Directions for this task:
Would you retype the listing word for word, skipping its pictures?

*** Begin section ***

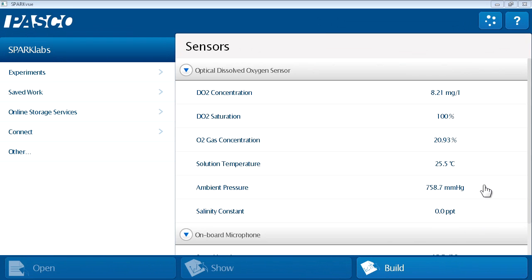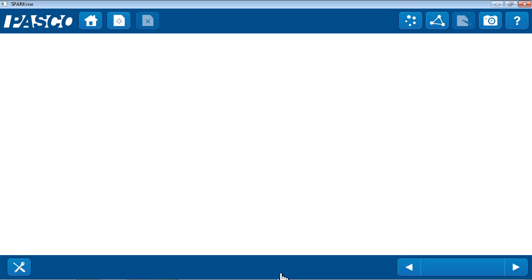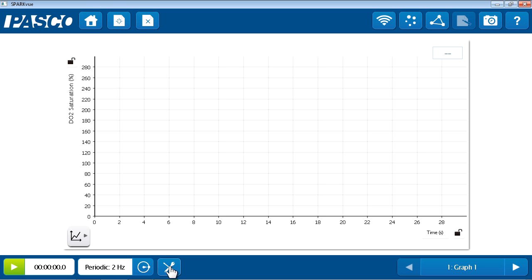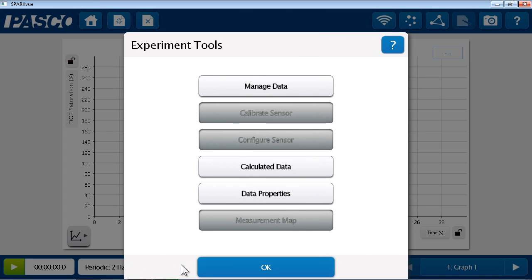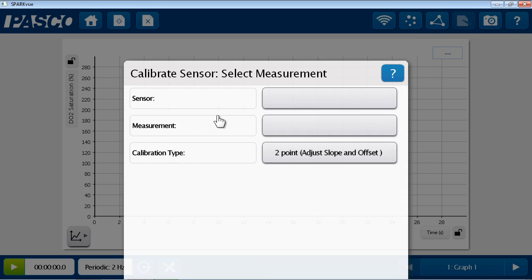To calibrate the Optical Dissolved Oxygen Sensor, we first need to open an experiment file or create one. I'll do this by using the Show Path and entering the Experiment Tools. To set a salinity constant or to replace a sensor cap, use the Configure Sensor menu. To calibrate the sensor, proceed to Calibrate Sensor.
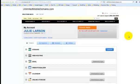Hi there, this is Julie Larson. In this video I'm going to show you how to forward an email from your GoDaddy account.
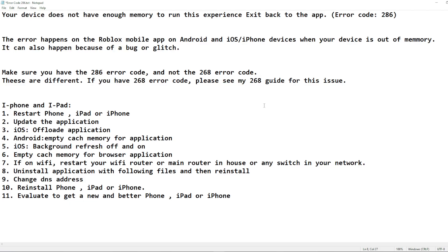So if you have error code 286, please check my guide for 268 as well, and make sure you read the error code carefully so you follow the correct guide. I'm not going to show you exactly how to do each step on your specific phone, because there are so many different iPhones, iPads, and Android devices out there. I'll give you the steps and for some of them you may need to search how to do it on your specific device.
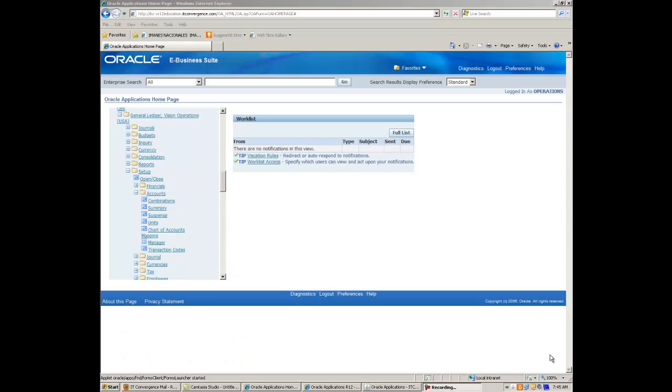New to release 12 is the ability to assign an alternate account when disabling a code combination. The alternate account functionality is implemented as part of the journal import program and the create account program and sub-ledger accounting processes.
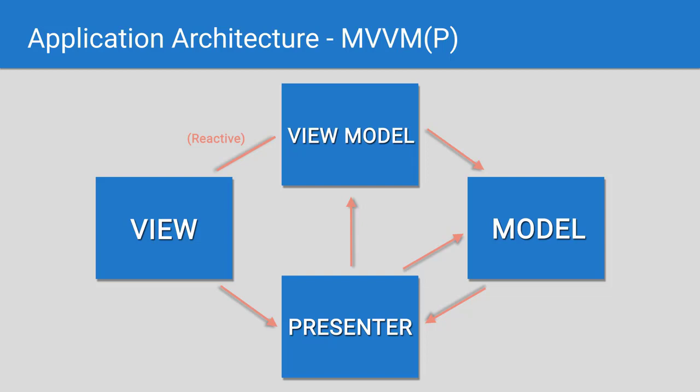The model can be updated by either the presenter or the view model. I have both of these outlined because it comes down to what makes most sense for your use case, and this will be more clear once we get into coding.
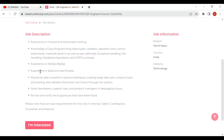In the job description, we are going to talk about experience in manual and automation testing, knowledge of Java programming — including Exception handling, File handling, Database operations, and OOP concepts.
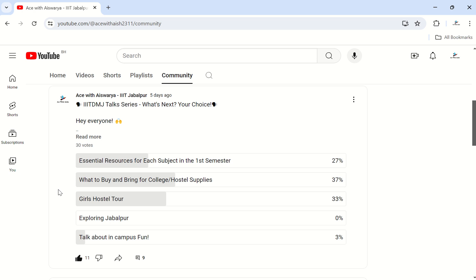Hi everyone, today's video is about essential resources for each subject in first semester. According to the poll, the second video should have been about the girls' hostel tour, but I'm sorry — I'll only be able to put that video out after I get back to campus since we're all on vacation. If you want a proper, really good video, you'll have to wait — maybe by end of July. So let's move on to today's actual video.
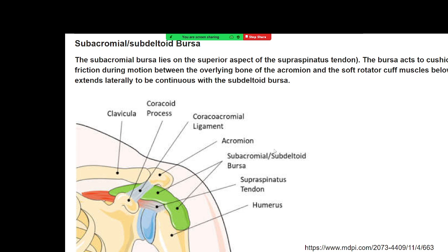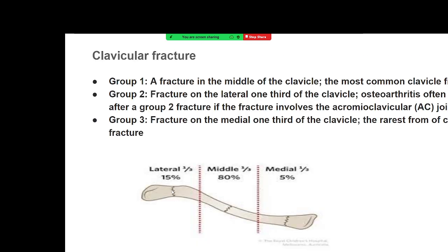The subacromial bursa is another important structure — a large cushion-like bag that reduces friction between bones and ligaments during movement. It is one of the largest bursae in the human body and plays a significant role in the pathology of the shoulder joint. With this brief anatomy overview, we move directly to common clinical lesions seen in practice.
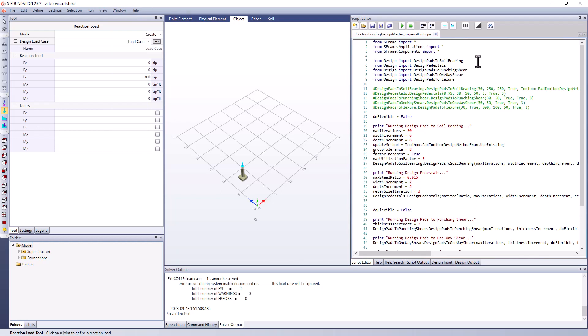And we'll just quickly walk through this because this is a Python script within the foundation interface. And you can see here that it's got some explanations in the comments about what it's going to be doing. So it's going to first of all try to design the pads to soil bearing, then it's going to design the pedestals, then it's going to design the pads to punching shear, pads to one-way shear, and the pads to flexure.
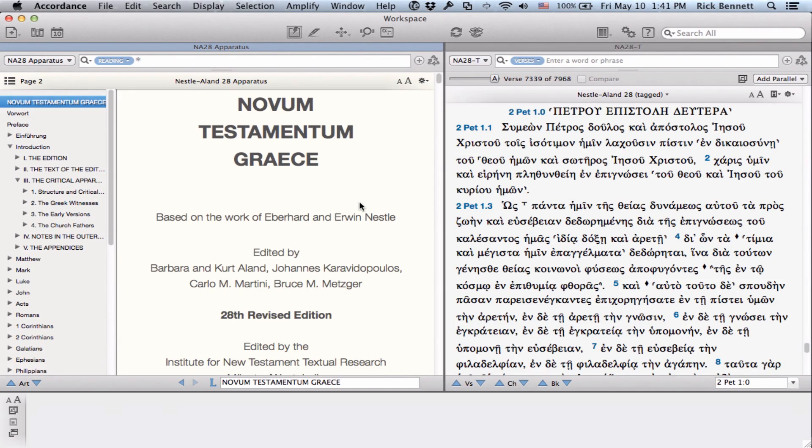Hi, this is Rick Bennett with Accordance, giving you a first look at the 28th edition of the Nestle-Aland Greek New Testament.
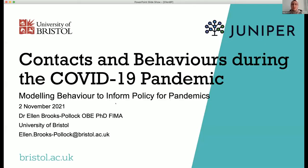Let's hand over to Ellen Brooks-Pollock from the University of Bristol for her talk on contacts and behaviours during the COVID-19 pandemic.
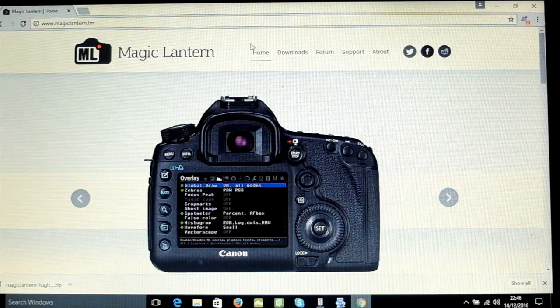Hi guys, in this video we're going to be looking at installing MagicLantern onto the Canon EOS M.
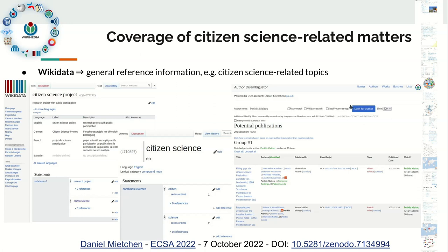On that basis, you can use Wikidata to construct profiles of the topic of citizen science based on literature. This gives information about the people publishing on the topic, associated topics, institutions, journals, and others engaged with citizen science.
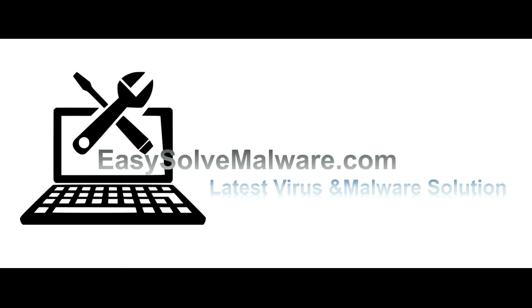That's all. Thank you for watching the video from easysolvemalware.com. We hope it solved your problem.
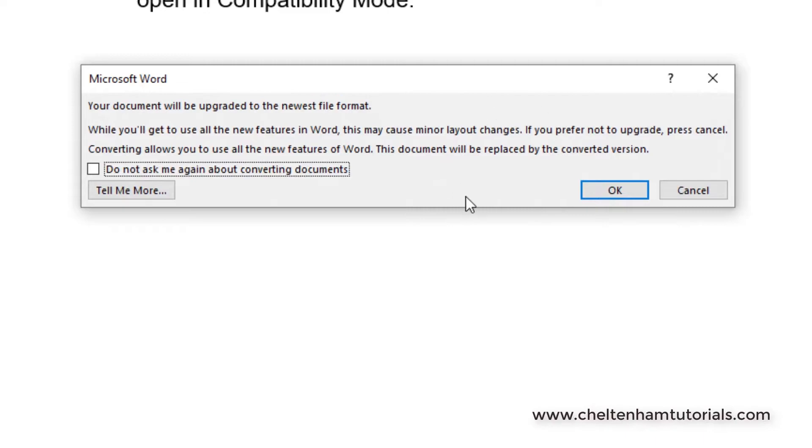You get this warning dialog box saying your document will be upgraded to the latest version, however there might be minor formatting changes within this document.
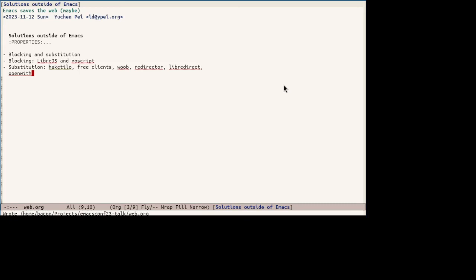Then there are also free clients which replace the whole front end instead of scripts requested by web pages from the official web clients. People often refer to them as alternative front end. YouTube is perhaps the best example as there are so many free clients including invidious for the web, YouTube DL and YTDOP on the command line, MPV and VOC as GUI desktop, Libretube and NewPy for Android and so on. YouTube DL and YTDOP are especially versatile as they work with many video and audio sites with extractors written in Python so people can add extractors like extensions.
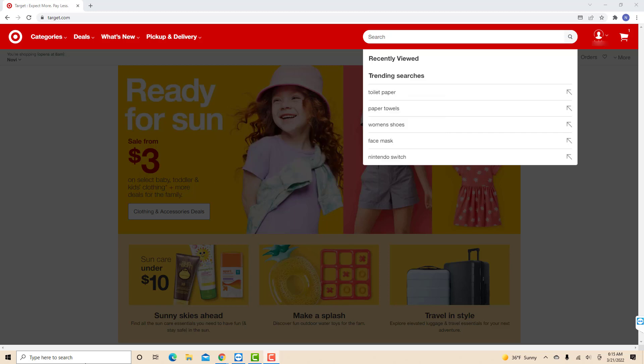Now you will see that your search history has been cleared. That's how you delete search history on Target.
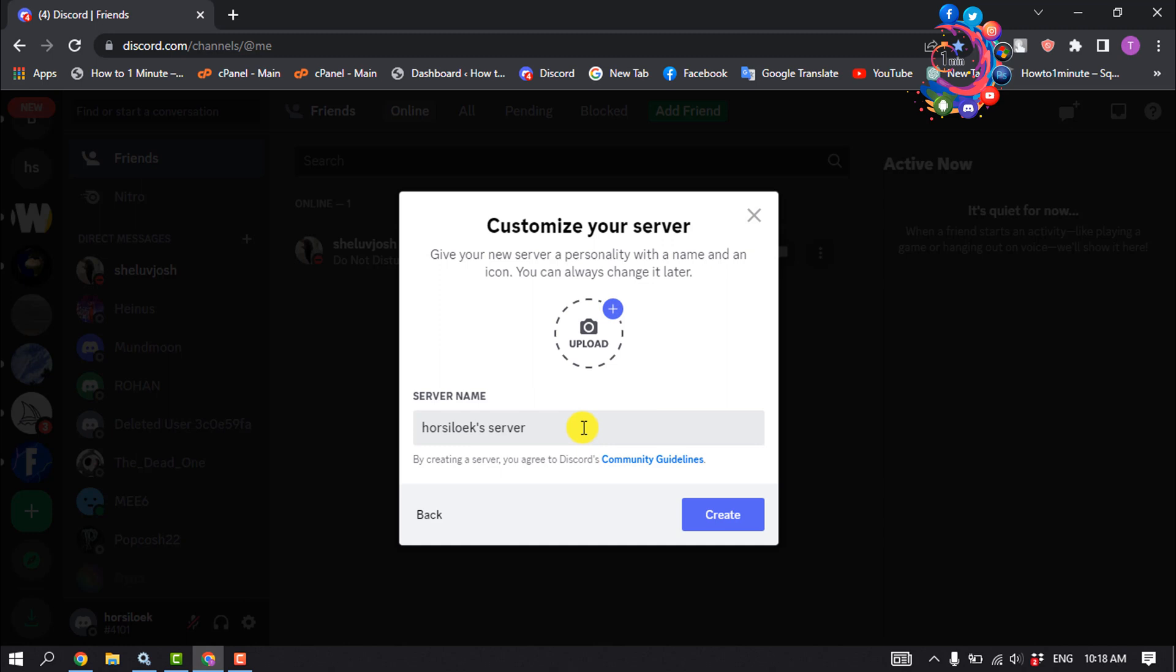Next, the menu for creating your own Discord server will open. Here you can choose your server's name. Once you have entered the name, click on create.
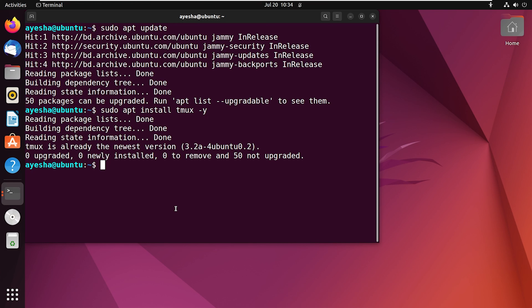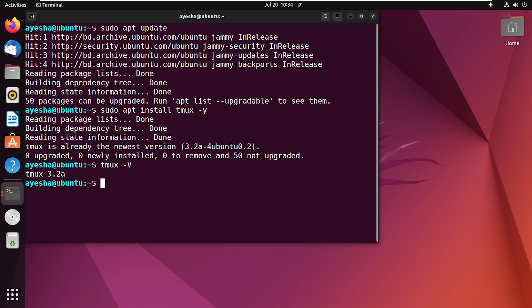Now we can verify if Tmux was installed successfully or not. Type the command tmux -v and press enter. This command will display if Tmux is installed or not along with its version. As you can see, the version is 3.2a.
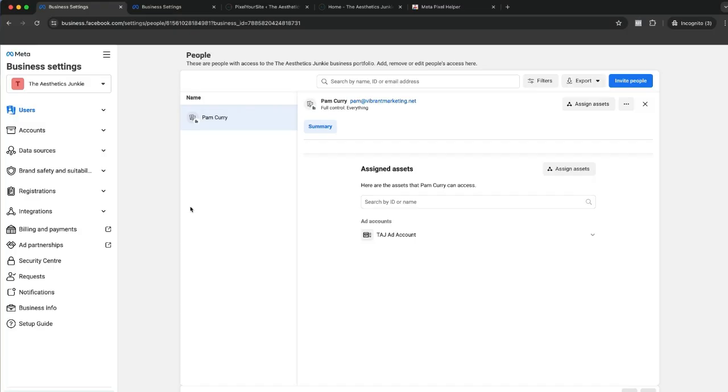How to give access to your team or an employee. I always recommend giving somebody access to your account, even if it's your husband, sister, brother, or daughter. It needs to be somebody because it's very likely you will get locked out of your account at some stage.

*** End section ***

Task response:
To calibrate the Optical Dissolved Oxygen Sensor, we first need to open an experiment file or create one. I'll do this by using the Show Path and entering the Experiment Tools. To set a salinity constant or to replace a sensor cap, use the Configure Sensor menu. To calibrate the sensor, proceed to Calibrate Sensor.
Hi there, this is Julie Larson. In this video I'm going to show you how to forward an email from your GoDaddy account.
So if you have error code 286, please check my guide for 268 as well, and make sure you read the error code carefully so you follow the correct guide. I'm not going to show you exactly how to do each step on your specific phone, because there are so many different iPhones, iPads, and Android devices out there. I'll give you the steps and for some of them you may need to search how to do it on your specific device.
New to release 12 is the ability to assign an alternate account when disabling a code combination. The alternate account functionality is implemented as part of the journal import program and the create account program and sub-ledger accounting processes.
The model can be updated by either the presenter or the view model. I have both of these outlined because it comes down to what makes most sense for your use case, and this will be more clear once we get into coding.
In the job description, we are going to talk about experience in manual and automation testing, knowledge of Java programming — including Exception handling, File handling, Database operations, and OOP concepts.
Hi everyone, today's video is about essential resources for each subject in first semester. According to the poll, the second video should have been about the girls' hostel tour, but I'm sorry — I'll only be able to put that video out after I get back to campus since we're all on vacation. If you want a proper, really good video, you'll have to wait — maybe by end of July. So let's move on to today's actual video.
The subacromial bursa is another important structure — a large cushion-like bag that reduces friction between bones and ligaments during movement. It is one of the largest bursae in the human body and plays a significant role in the pathology of the shoulder joint. With this brief anatomy overview, we move directly to common clinical lesions seen in practice.
And we'll just quickly walk through this because this is a Python script within the foundation interface. And you can see here that it's got some explanations in the comments about what it's going to be doing. So it's going to first of all try to design the pads to soil bearing, then it's going to design the pedestals, then it's going to design the pads to punching shear, pads to one-way shear, and the pads to flexure.
Hi, this is Rick Bennett with Accordance, giving you a first look at the 28th edition of the Nestle-Aland Greek New Testament.
Let's hand over to Ellen Brooks-Pollock from the University of Bristol for her talk on contacts and behaviours during the COVID-19 pandemic.
Hi guys, in this video we're going to be looking at installing MagicLantern onto the Canon EOS M.
On that basis, you can use Wikidata to construct profiles of the topic of citizen science based on literature. This gives information about the people publishing on the topic, associated topics, institutions, journals, and others engaged with citizen science.
That's all. Thank you for watching the video from easysolvemalware.com. We hope it solved your problem.
You get this warning dialog box saying your document will be upgraded to the latest version, however there might be minor formatting changes within this document.
Then there are also free clients which replace the whole front end instead of scripts requested by web pages from the official web clients. People often refer to them as alternative front end. YouTube is perhaps the best example as there are so many free clients including invidious for the web, YouTube DL and YTDOP on the command line, MPV and VOC as GUI desktop, Libretube and NewPy for Android and so on. YouTube DL and YTDOP are especially versatile as they work with many video and audio sites with extractors written in Python so people can add extractors like extensions.
Now you will see that your search history has been cleared. That's how you delete search history on Target.
Next, the menu for creating your own Discord server will open. Here you can choose your server's name. Once you have entered the name, click on create.
Now we can verify if Tmux was installed successfully or not. Type the command tmux -v and press enter. This command will display if Tmux is installed or not along with its version. As you can see, the version is 3.2a.
How to give access to your team or an employee. I always recommend giving somebody access to your account, even if it's your husband, sister, brother, or daughter. It needs to be somebody because it's very likely you will get locked out of your account at some stage.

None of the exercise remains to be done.